--- Assignment ---
Here is the task for the records below: repeat exactly the lines from the one with "RV rental: Inside" to the one with "Two Chinese Export", both included, and nothing else.
[Opening Data to use section]
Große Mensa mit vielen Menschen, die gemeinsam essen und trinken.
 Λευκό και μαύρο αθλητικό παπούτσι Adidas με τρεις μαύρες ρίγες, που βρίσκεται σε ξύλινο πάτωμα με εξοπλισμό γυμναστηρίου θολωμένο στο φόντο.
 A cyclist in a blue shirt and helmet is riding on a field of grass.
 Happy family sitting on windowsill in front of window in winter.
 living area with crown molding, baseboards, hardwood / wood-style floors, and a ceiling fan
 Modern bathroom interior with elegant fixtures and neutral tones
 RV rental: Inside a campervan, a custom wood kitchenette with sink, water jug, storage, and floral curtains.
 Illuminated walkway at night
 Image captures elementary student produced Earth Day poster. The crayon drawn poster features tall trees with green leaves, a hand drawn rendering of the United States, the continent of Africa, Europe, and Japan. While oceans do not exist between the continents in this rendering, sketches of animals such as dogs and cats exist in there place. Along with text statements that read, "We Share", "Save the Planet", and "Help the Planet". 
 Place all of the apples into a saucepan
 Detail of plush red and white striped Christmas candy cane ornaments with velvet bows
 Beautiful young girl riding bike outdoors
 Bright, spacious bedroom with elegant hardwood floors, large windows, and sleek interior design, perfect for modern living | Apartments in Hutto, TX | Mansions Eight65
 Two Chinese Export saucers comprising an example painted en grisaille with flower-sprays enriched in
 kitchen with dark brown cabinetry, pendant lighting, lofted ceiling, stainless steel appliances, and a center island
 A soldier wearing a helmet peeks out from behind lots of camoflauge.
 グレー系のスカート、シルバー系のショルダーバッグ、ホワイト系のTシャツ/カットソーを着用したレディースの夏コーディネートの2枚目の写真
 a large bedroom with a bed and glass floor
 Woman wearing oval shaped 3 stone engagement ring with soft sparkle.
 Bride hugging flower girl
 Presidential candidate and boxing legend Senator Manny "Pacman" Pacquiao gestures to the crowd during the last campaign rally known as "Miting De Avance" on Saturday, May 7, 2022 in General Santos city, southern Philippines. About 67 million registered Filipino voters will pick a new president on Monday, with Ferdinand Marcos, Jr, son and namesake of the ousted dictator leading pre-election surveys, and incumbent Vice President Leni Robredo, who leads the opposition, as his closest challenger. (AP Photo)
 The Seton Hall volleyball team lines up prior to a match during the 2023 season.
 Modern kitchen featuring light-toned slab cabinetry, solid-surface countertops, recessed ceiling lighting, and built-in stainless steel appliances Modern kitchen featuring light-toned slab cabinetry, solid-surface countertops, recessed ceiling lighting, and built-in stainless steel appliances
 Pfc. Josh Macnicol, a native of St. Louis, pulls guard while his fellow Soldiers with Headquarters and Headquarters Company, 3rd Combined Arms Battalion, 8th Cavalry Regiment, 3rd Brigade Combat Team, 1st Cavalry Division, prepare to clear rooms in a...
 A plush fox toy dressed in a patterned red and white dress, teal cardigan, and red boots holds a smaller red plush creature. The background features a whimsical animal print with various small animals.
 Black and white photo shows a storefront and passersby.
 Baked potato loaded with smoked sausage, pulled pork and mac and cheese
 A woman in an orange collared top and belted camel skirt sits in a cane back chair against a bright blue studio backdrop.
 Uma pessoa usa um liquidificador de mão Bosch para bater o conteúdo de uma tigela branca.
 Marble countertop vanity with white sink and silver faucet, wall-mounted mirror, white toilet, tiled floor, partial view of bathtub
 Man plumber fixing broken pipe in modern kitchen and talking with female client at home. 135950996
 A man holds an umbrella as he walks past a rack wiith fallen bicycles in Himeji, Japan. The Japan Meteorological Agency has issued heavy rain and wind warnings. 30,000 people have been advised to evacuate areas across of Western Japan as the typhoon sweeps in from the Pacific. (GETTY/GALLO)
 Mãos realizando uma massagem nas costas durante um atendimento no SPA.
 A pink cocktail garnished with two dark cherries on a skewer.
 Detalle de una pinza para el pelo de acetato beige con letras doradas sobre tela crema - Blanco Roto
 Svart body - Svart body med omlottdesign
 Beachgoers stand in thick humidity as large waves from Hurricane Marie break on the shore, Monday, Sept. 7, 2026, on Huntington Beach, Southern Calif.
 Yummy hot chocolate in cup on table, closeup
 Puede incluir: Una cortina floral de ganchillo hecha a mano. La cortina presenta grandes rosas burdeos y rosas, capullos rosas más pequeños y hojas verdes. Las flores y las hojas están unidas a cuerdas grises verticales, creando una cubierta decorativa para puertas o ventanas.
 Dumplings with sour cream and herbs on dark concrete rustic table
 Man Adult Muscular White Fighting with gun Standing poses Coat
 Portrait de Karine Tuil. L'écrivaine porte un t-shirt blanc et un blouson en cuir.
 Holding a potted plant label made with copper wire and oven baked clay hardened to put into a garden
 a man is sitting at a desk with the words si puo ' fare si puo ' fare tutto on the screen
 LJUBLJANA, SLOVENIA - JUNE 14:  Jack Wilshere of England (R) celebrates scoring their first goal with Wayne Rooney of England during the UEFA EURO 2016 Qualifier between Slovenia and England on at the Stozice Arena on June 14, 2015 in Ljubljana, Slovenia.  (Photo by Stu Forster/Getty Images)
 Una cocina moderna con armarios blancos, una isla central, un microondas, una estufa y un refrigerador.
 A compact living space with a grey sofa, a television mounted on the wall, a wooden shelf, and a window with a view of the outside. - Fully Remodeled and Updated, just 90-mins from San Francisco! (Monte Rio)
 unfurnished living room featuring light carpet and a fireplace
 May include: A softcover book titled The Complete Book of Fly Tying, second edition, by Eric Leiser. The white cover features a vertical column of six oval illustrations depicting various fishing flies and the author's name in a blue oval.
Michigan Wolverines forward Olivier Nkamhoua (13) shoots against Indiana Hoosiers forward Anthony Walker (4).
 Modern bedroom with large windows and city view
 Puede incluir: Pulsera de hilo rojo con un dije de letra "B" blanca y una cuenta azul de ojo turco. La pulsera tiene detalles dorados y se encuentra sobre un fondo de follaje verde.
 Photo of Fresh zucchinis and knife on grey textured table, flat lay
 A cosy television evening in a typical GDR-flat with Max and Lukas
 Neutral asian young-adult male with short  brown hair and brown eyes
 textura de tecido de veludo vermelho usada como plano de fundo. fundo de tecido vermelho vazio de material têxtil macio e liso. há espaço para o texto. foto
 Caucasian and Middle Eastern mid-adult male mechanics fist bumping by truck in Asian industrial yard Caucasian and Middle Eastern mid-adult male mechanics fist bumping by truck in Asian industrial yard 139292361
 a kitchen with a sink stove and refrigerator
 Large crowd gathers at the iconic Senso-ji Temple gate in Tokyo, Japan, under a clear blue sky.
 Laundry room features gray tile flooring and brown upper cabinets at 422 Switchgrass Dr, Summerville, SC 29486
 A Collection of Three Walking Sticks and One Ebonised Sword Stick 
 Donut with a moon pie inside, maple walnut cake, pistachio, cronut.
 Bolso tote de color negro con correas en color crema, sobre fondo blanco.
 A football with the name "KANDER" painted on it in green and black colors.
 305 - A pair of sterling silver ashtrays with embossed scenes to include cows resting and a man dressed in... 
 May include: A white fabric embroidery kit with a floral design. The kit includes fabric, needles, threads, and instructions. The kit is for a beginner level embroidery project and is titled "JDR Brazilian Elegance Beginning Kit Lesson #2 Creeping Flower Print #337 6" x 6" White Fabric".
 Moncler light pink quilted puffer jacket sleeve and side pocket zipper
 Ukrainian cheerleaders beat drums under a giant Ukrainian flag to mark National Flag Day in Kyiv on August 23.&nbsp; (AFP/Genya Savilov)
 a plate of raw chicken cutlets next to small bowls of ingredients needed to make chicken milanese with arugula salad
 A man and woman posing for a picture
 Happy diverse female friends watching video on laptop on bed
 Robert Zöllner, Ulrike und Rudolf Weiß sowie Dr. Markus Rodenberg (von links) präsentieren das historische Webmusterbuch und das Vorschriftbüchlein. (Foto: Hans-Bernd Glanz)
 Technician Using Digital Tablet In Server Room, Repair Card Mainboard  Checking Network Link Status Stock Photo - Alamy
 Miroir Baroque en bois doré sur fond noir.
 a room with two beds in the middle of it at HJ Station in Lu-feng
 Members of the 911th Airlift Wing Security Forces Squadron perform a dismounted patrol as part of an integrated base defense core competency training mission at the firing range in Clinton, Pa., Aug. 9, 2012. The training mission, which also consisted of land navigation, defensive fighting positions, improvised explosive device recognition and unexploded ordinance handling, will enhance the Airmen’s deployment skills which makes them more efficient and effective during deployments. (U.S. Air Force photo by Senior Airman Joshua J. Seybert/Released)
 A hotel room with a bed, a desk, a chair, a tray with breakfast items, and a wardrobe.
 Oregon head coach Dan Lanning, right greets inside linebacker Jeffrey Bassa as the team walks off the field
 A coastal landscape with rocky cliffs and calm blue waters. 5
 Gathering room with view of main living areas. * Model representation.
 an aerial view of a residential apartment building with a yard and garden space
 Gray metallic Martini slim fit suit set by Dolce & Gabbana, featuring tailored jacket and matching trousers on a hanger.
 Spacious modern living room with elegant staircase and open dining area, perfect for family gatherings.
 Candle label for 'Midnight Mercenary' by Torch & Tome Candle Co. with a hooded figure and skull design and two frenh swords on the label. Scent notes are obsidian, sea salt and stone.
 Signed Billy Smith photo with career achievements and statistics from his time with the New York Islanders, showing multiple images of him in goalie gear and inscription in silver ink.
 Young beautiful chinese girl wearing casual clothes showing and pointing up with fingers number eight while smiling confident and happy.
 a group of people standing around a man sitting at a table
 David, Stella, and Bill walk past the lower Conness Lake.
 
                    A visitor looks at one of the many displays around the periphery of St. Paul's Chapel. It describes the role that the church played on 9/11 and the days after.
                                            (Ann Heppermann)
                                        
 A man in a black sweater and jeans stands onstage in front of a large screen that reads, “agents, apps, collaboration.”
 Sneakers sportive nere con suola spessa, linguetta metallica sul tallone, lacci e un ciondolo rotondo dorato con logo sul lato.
[Closing Data to use section]
--- Solution ---
 RV rental: Inside a campervan, a custom wood kitchenette with sink, water jug, storage, and floral curtains.
 Illuminated walkway at night
 Image captures elementary student produced Earth Day poster. The crayon drawn poster features tall trees with green leaves, a hand drawn rendering of the United States, the continent of Africa, Europe, and Japan. While oceans do not exist between the continents in this rendering, sketches of animals such as dogs and cats exist in there place. Along with text statements that read, "We Share", "Save the Planet", and "Help the Planet". 
 Place all of the apples into a saucepan
 Detail of plush red and white striped Christmas candy cane ornaments with velvet bows
 Beautiful young girl riding bike outdoors
 Bright, spacious bedroom with elegant hardwood floors, large windows, and sleek interior design, perfect for modern living | Apartments in Hutto, TX | Mansions Eight65
 Two Chinese Export saucers comprising an example painted en grisaille with flower-sprays enriched in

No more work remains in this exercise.